Differential serum metabolites were screened out using the standard of VIP (threshold > 1) combined with the p value (threshold < 0.05), which was applied to select the significant differential metabolites. We found no differential metabolites between the CON and DBP or BF groups, indicating that feeding 20% DBP or 8% BF had no effect on serum metabolic profiles.
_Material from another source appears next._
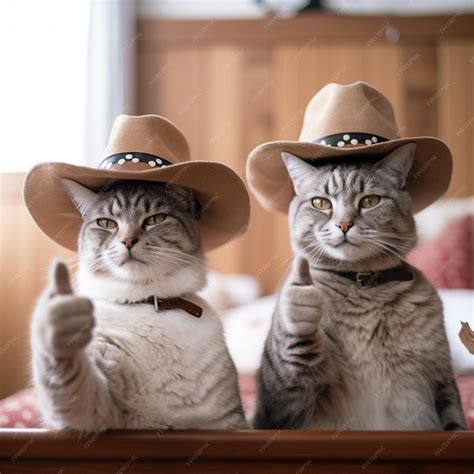 Premium AI Image | two cats wearing cowboy hats sit on a bed and one ...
Effects of DBP and BF on the fecal microbiota in dogs

As demonstrated in Supplementary Figure 1, the Venn diagram revealed 393 shared features between the CON and DBP groups and 864 and 703 in the CON and DBP groups, respectively. The Venn analysis identified 479 shared features between the CON and BF groups and 778 and 617 in the BF and CON groups, respectively. The Venn analysis identified 423 shared features between the DBP and BF groups and 673 and 673 in the DBP and BF groups, respectively. As presented in Supplementary Figure 2A, the alpha diversity, including Observed_species, Shannon, Simpson, Chao1, Goods_coverage, and Pielou_e, of the fecal microbiota showed no difference between the CON and DBP or BF groups (p > 0.05). Principal component analysis revealed distinct separation among the three groups (Supplementary Figure 2B), indicating that environment and DBP or BF exhibited no influence on gut microbiota composition or diversity in dogs.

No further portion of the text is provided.